Goal of the exercise – All of the entries must be reproduced exactly, with no images carried over.

Extracted records –
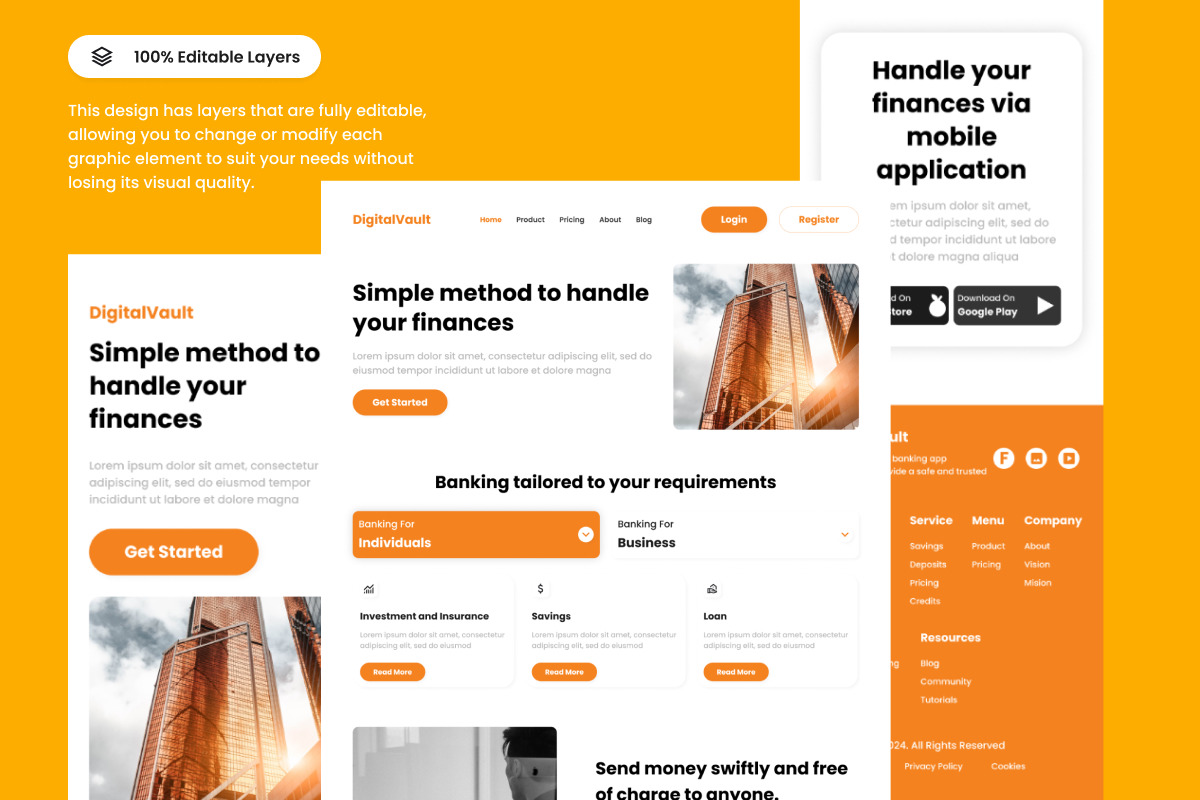 DigitalVault - Banking Landing Page V1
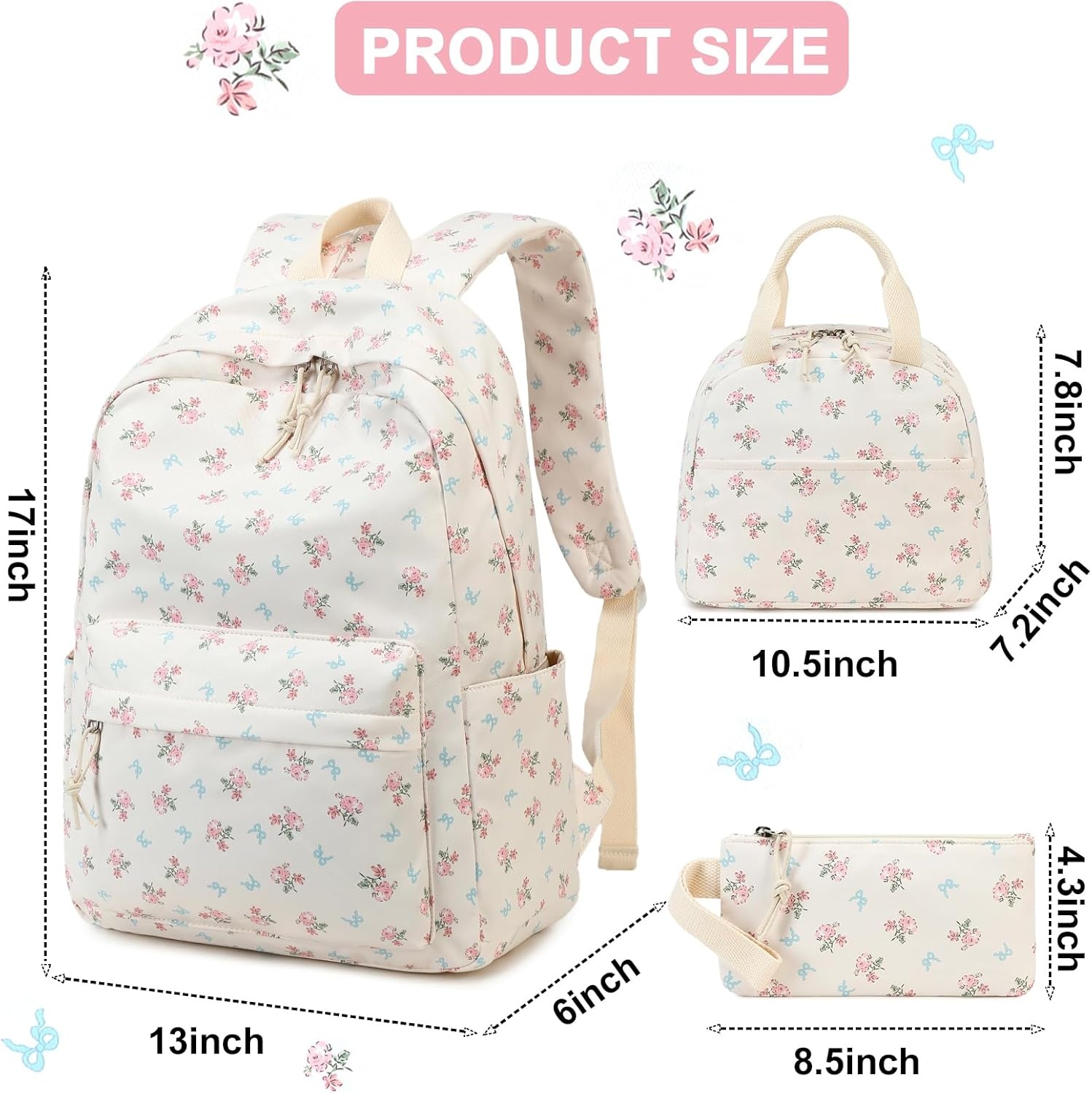image:imageBTOOP School Backpack for Girls Kids Teens Cute School Bookbag Set with Insulated Lunch Box Pencil CaseBlue Bowpink Flower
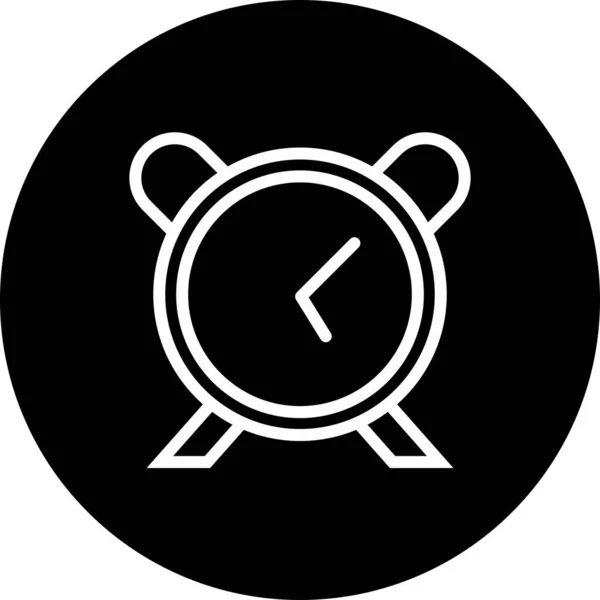 Alarm Clock Vector Line Inverted Icon Design — Stock Vector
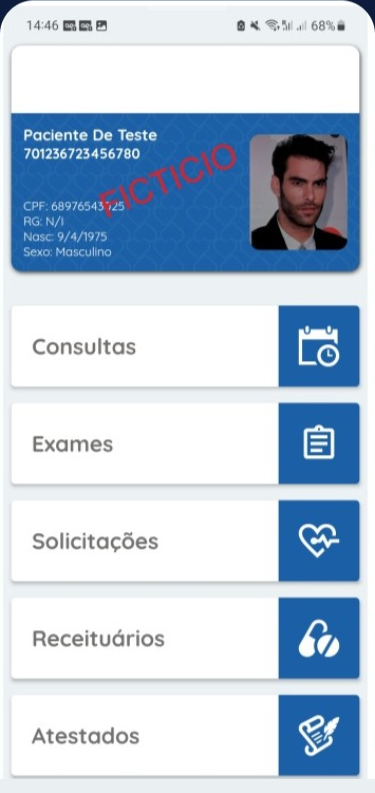 Tela inicial do aplicativo TunTun com carteirinha digital do paciente e atalhos para consultas, exames, solicitações, receituários e atestados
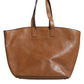 Brunello Cucinelli Brown Leather Logo Shoulder Strap Shopping Tote Bag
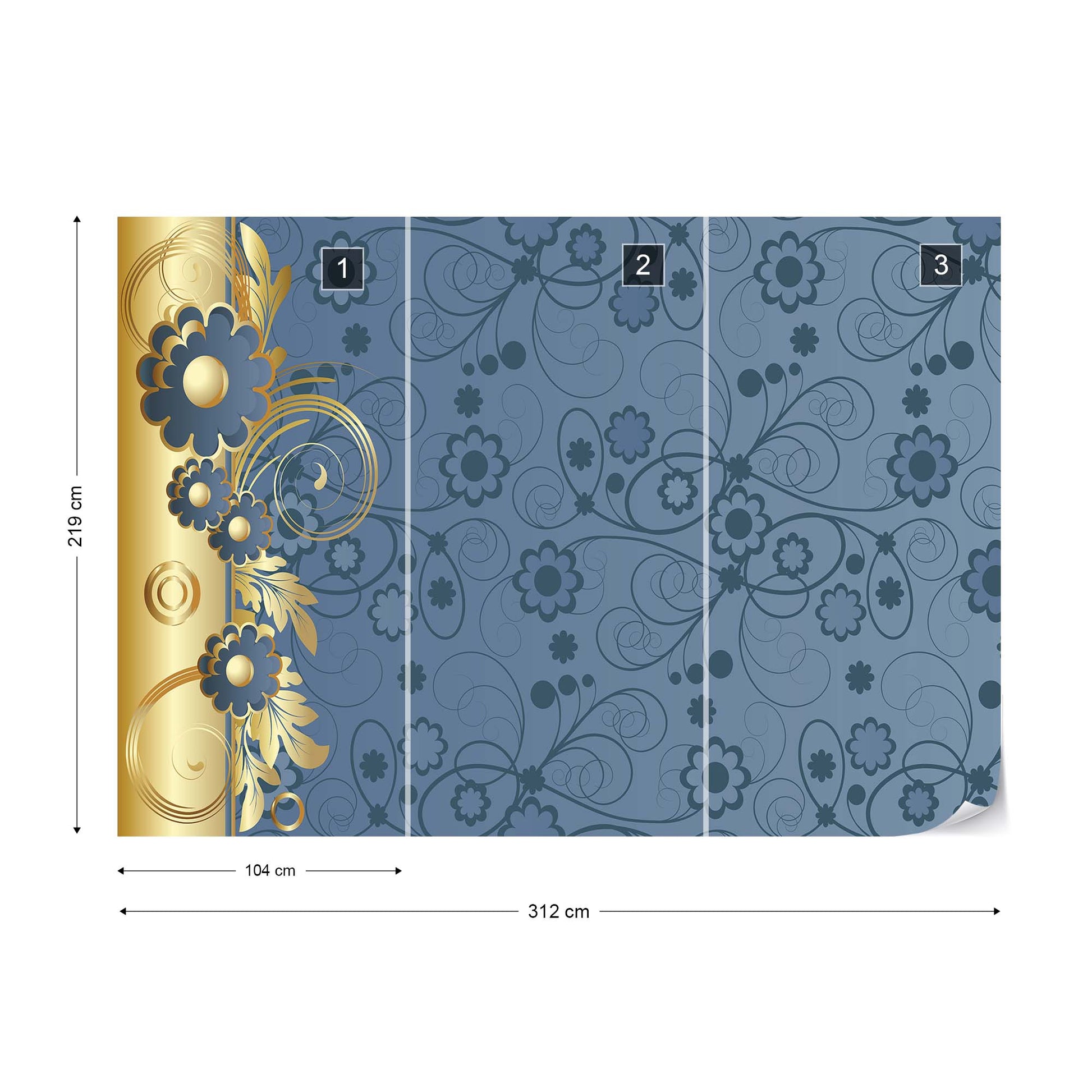 Blue And Gold Floral Design Photo Wallpaper Wall Mural - USTAD HOME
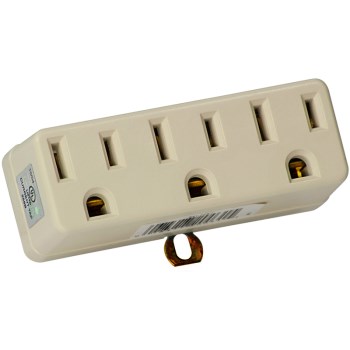 Grounded Adapter, 3 Outlets ~ 15 Amp, Ivory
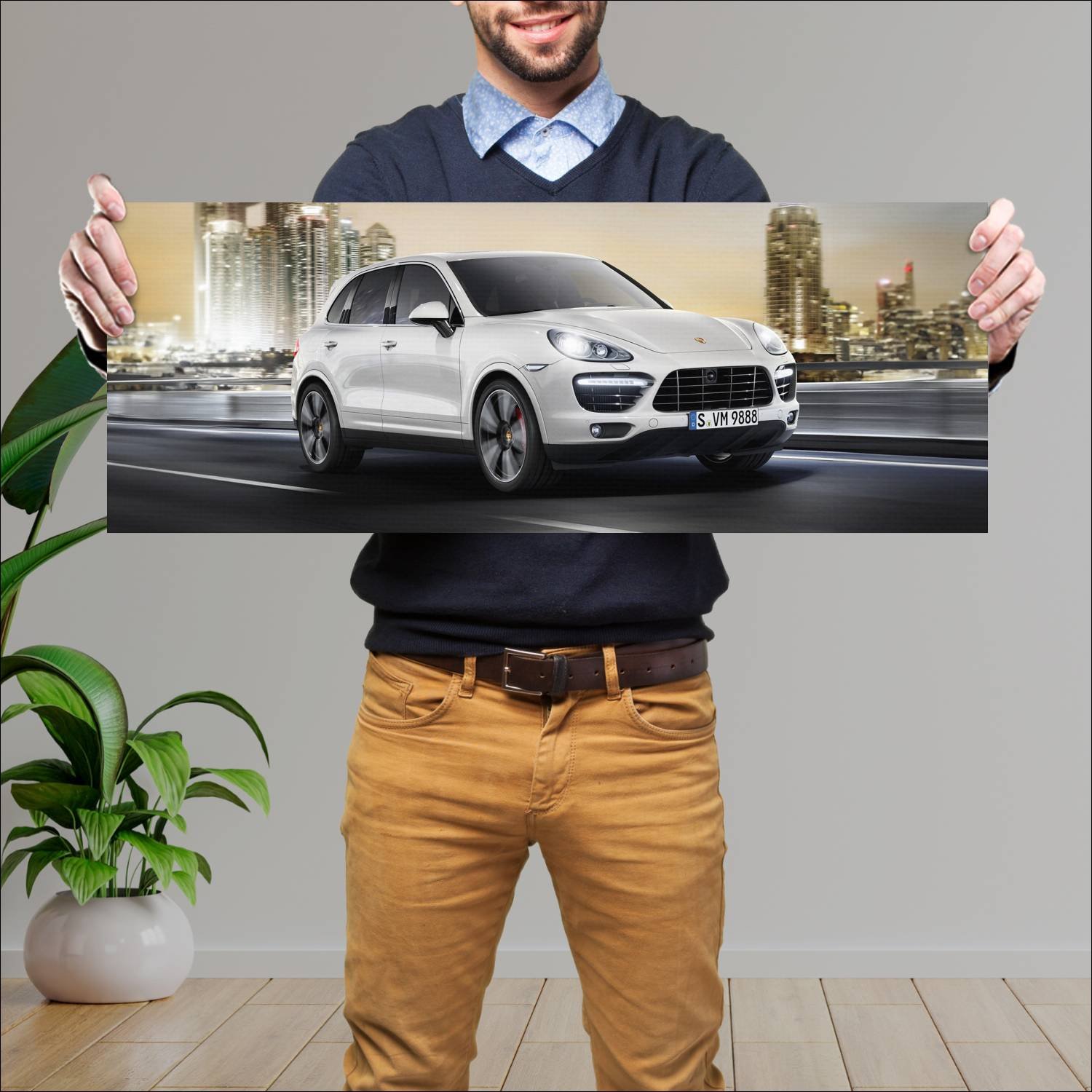 Cuadro grande 30x80cm 2013 porsche cayenne turbo s 798 Porsche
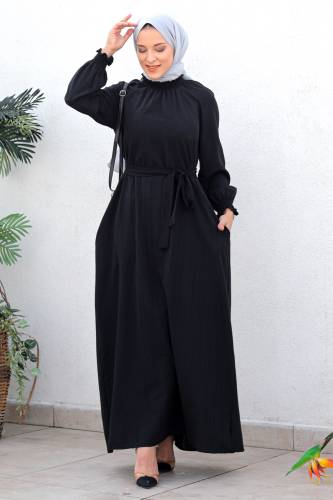 Gipe Detaylı Tesettür Elbise TSD221204 Siyah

Task answer –
 DigitalVault - Banking Landing Page V1
image:imageBTOOP School Backpack for Girls Kids Teens Cute School Bookbag Set with Insulated Lunch Box Pencil CaseBlue Bowpink Flower
 Alarm Clock Vector Line Inverted Icon Design — Stock Vector
 Tela inicial do aplicativo TunTun com carteirinha digital do paciente e atalhos para consultas, exames, solicitações, receituários e atestados
 Brunello Cucinelli Brown Leather Logo Shoulder Strap Shopping Tote Bag
 Blue And Gold Floral Design Photo Wallpaper Wall Mural - USTAD HOME
 Grounded Adapter, 3 Outlets ~ 15 Amp, Ivory
 Cuadro grande 30x80cm 2013 porsche cayenne turbo s 798 Porsche
 Gipe Detaylı Tesettür Elbise TSD221204 Siyah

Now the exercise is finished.